Jackson’s data was culled from contracts signed between September 1 and mid-November for homes his company appraised. That number, Jackson said, makes up one-third to one-quarter of all sales in Manhattan. While the sample size isn’t as large as the sales covered in market reports produced by the Corcoran Group and Prudential Douglas Elliman, it gives a more current picture of conditions than do the quarterly reports, which track closings in the previous quarter, reflecting deals negotiated months earlier.
Jackson estimated that apartments are now selling for roughly 10 to 15 percent less than they were in early 2008, when the credit crisis began to take hold in the city. The data also showed that homes are now being sold at levels approximately equal to what they were worth in the first half of 2006, he said.
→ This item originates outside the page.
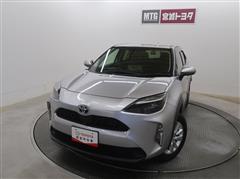 ヤリスクロス ハイブリッド G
“All the turmoil in the financial markets is the major factor,” Jackson said. “The reason people aren’t signing contracts is because they believe [the home] will be worth less tomorrow. There is no compelling reason for a buyer to step up and purchase today.”
He added that a cause for concern is the drop in demand for housing in New York City.
“There’s been an enormous shift in overall demand,” he said. “The absorption rate is atrocious.”
However, he said, the speed of the slide means the city’s real estate market may crater sooner than expected.
“The good news is that it’s happening very steeply right now,” he said. “With the shrinking of the time period, maybe we’ll get over it sooner.”